Durante esta semana ha vuelto a los titulares el Reglamento (UE) 2026/1818, relativo al bienestar de los perros y los gatos y a su trazabilidad, adoptado el 17 de junio de 2026 y ya publicado en el Diario Oficial de la Unión Europea. Los medios veterinarios y varios colegios profesionales han resumido sus tres grandes ejes: más ejercicio y mejores condiciones de vida, límites a las mutilaciones y un control veterinario más estricto, además de un refuerzo de la identificación y el registro de los animales.
Si gestionas una peluquería canina, la primera reacción suele ser pensar que esto va de criadores y tiendas. Es cierto solo en parte. La norma redefine el estándar de cuidado que se espera de cualquier profesional que manipule perros y gatos, y eso acaba llegando a tu mesa de trabajo, a tu ficha de cliente y a tus conversaciones diarias.
Qué es exactamente esta norma
Se trata de la primera regulación europea pensada específicamente para perros y gatos como animales de compañía. Al ser un reglamento y no una directiva, se aplica de forma directa en todos los Estados miembros, sin necesidad de una ley nacional que lo traslade, aunque suele incluir plazos de adaptación y desarrollos posteriores. Sus pilares, según las informaciones publicadas estos días, son la mejora de las condiciones de cría y alojamiento, el acceso al ejercicio y al enriquecimiento, la restricción de intervenciones no terapéuticas y un sistema de trazabilidad basado en identificación electrónica y registros conectados.
Antes de tomar decisiones, merece la pena leer el texto oficial y seguir los avisos de tu colegio veterinario provincial o de tu asociación profesional: los calendarios de aplicación y los detalles técnicos son la parte que más se malinterpreta en redes sociales.
Por qué te afecta aunque no críes ni vendas animales
Hay cuatro vías de impacto bastante claras para un salón de estética canina.
Identificación y documentación. Si la trazabilidad se refuerza, tus clientes manejarán más datos: microchip, registro autonómico o nacional, cartilla actualizada. Muchos preguntarán en la peluquería porque es el profesional que ven cada mes.
Mutilaciones estéticas. Las orejas cortadas y los rabos amputados sin motivo terapéutico quedan bajo mayor escrutinio. El salón es un punto natural de detección y también de educación: no se trata de juzgar al cliente que llegó con un animal ya intervenido, sino de saber explicar el marco legal y no recomendar nunca este tipo de prácticas.
Estándares de manejo. Cuando la conversación pública gira hacia el bienestar, sube el nivel de exigencia percibida sobre tiempos de espera, temperatura del secado, uso de jaulas y descansos. Los clientes trasladarán ese estándar a su peluquería.
Colaboraciones. Si trabajas con criaderos, residencias o tiendas, conviene revisar que tus partners estén alineados. Su incumplimiento puede salpicar tu reputación.
Cuatro ajustes prácticos para las próximas semanas
- Completa la ficha de cada mascota. Añade campos para número de microchip, registro y datos del veterinario habitual. Tenerlo digitalizado en tu CRM te ahorra tiempo y te protege ante cualquier incidencia.
- Escribe tu protocolo de bienestar. Un documento de una página basta: tiempo máximo de sesión por talla y tipo de pelo, pausas, acceso a agua, temperatura del secador, criterios para interrumpir un servicio y registro de incidencias.
- Forma al equipo en manejo de bajo estrés. Es la mejor inversión posible en este contexto: reduce mordeduras, acelera sesiones difíciles y encaja con el espíritu de la nueva norma.
- Comunícalo. Un cartel en el salón y una sección en tu web explicando cómo cuidas del animal durante el servicio convierte el cumplimiento en argumento comercial.

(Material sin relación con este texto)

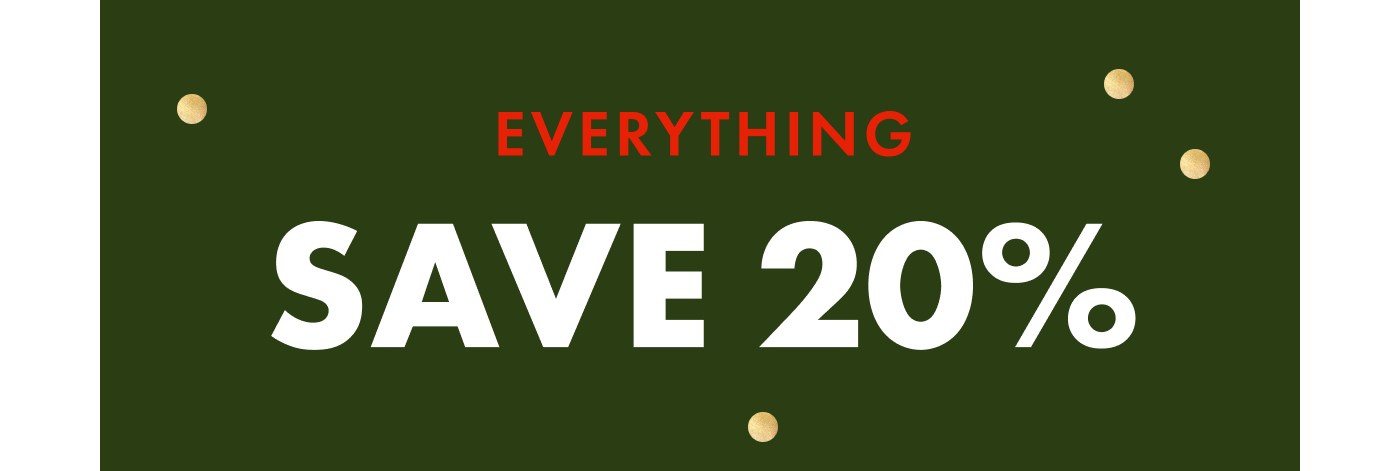 EVERYTHING SAVE 20%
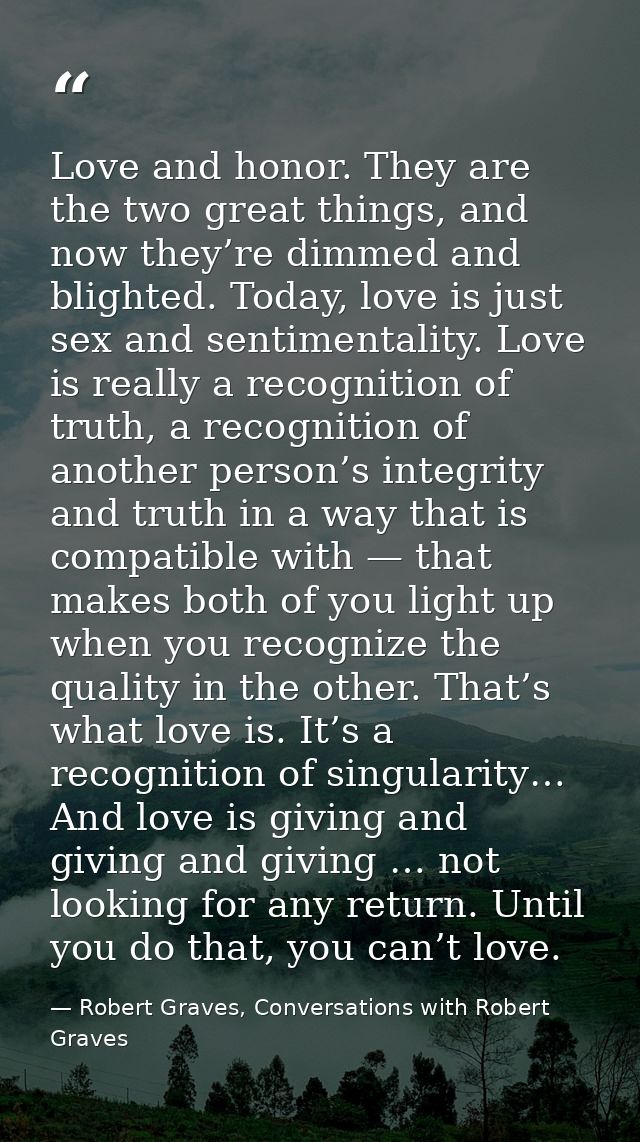 Love and honor. They are the two great things, and now they’re dimmed and blighted. Today, love is just sex and sentimen — Robert Graves, Conversations with Robert Graves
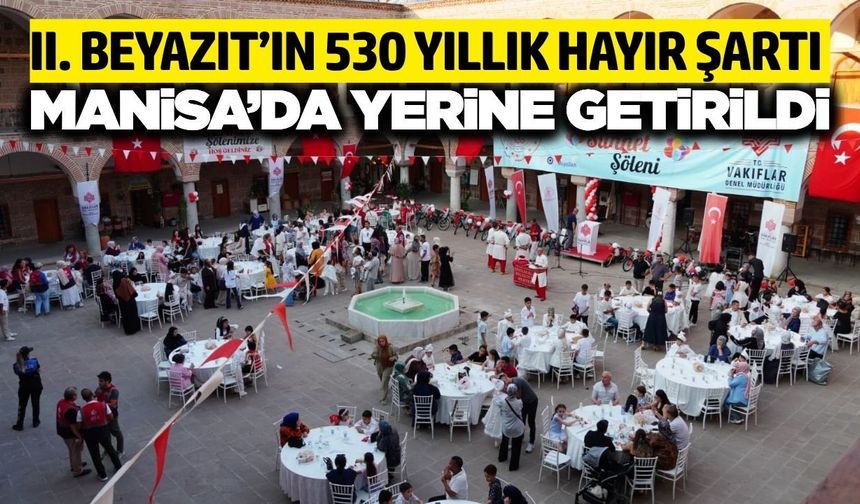530 yıllık vakfiye geleneği Manisa’da yaşatıldı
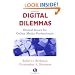 Digital Dilemmas: Ethical Issues for Online Media Professionals (Media and Technology)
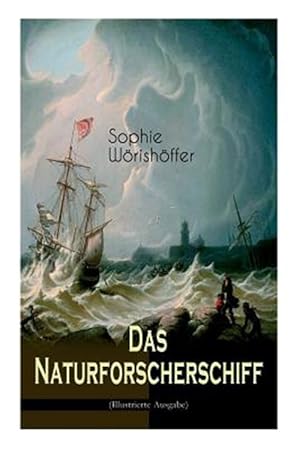 Imagen del vendedor de Das Naturforscherschiff (Illustrierte Ausgabe) -Language: german a la venta por GreatBookPrices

El bienestar como posicionamiento, no como carga
La lectura estratégica es más interesante que la puramente normativa. Cuando el mercado se llena de salones y los precios se comparan al céntimo, el manejo respetuoso es uno de los pocos diferenciales difíciles de copiar. Servicios como sesiones de habituación para cachorros, citas individuales sin otros perros en sala, informes post-servicio con fotos y observaciones de comportamiento, o franjas específicas para animales seniors o miedosos permiten justificar tarifas superiores con un relato coherente.
Qué vigilar en los próximos meses
Tres cosas: el calendario concreto de aplicación y sus periodos transitorios, los desarrollos posteriores que precisen aspectos técnicos, y cómo encaja todo con la normativa nacional y autonómica ya vigente en cada país. En España convivirá con la legislación estatal existente; en Latinoamérica, el reglamento no aplica, pero suele funcionar como referencia de buenas prácticas y como argumento en debates locales.
La conclusión para un negocio de estética canina es sencilla: no hay motivo para alarmarse, pero sí para ordenar la casa. Documentar cómo cuidas de cada animal es, al mismo tiempo, cumplimiento normativo y marketing.